MARCHANDS DE SOUTIENS
            Après Mars 1991 et l’instauration du multipartisme, on avait mis de côté ces manifestations à caractère unanimiste digne des pays comme la Libye, la Corée du Nord, la Chine… avec leurs florilèges de déclarations allant dans tous les sens, confondant adhésion à une idée et louanges (soviétiques) à un chef.
            Mais depuis quelques jours, la classe politique malienne (ou une grande partie) donnant l’impression de faire revivre la folie des motions de soutien, s’oblige à un meeting, une marche ou une motion écrite de soutien à l’Accord d’Alger pour enfin louer les qualités de dialogue d’un homme : ATT. Pour ceux qui étaient à la recherche d’une nouvelle façon de faire parler d’eux et d’un moyen de se rapprocher du Président ATT, la non adhésion à l’Accord d’Alger du RPM-RDT est apparue comme du plain béni littéralement tombé du ciel pour eux.
            A regarder la télévision nationale, on se croirait retourner à l’ère UDPM : on a le sentiment que la fabrique des motions de soutien est réouverte avec ses artisans zélés. Même ceux qui étaient quelque peu surpris puis dubitatifs à l’annonce de l’Accord s’obligent aujourd’hui à une gaieté forcée et tant pis pour les flirts avec la démagogie.

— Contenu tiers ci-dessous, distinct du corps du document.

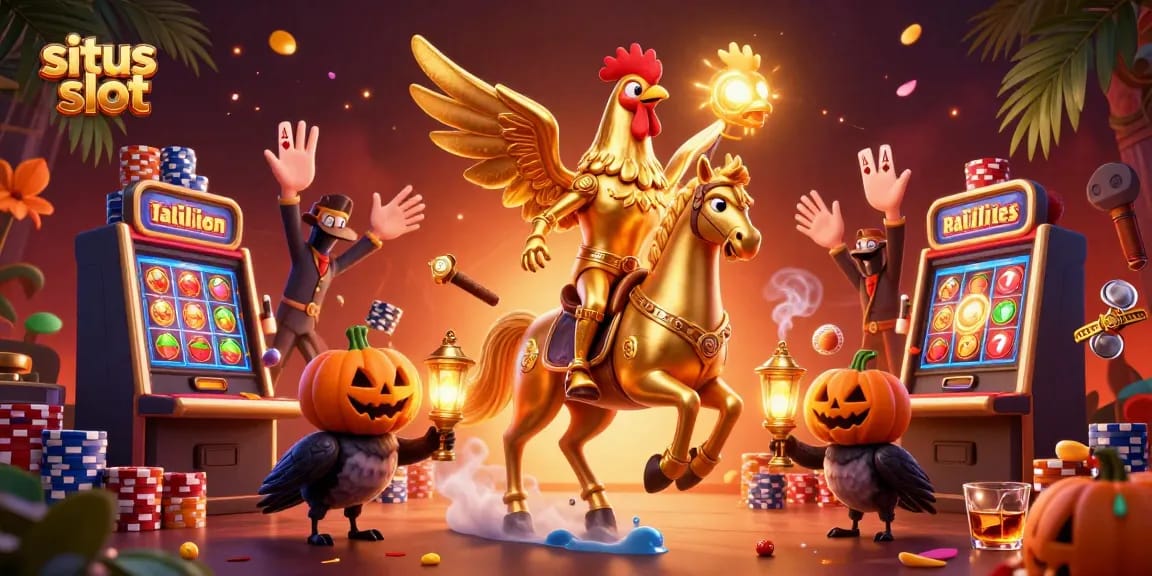 Experience situs slot excitement with a dynamic casino scene featuring unique characters and slot machines.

            Quand les attaques des camps de Kidal et de Ménaka avaient lieu le 23 Mai 2006, on avait assisté à une pluie de déclarations pour condamner ces événements. Mais après la signature de l’Accord d’Alger, les hommes politiques ont observé un temps d’hésitation avant de renouer avec cette pratique des motions de soutien désormais encrée dans nos moeurs.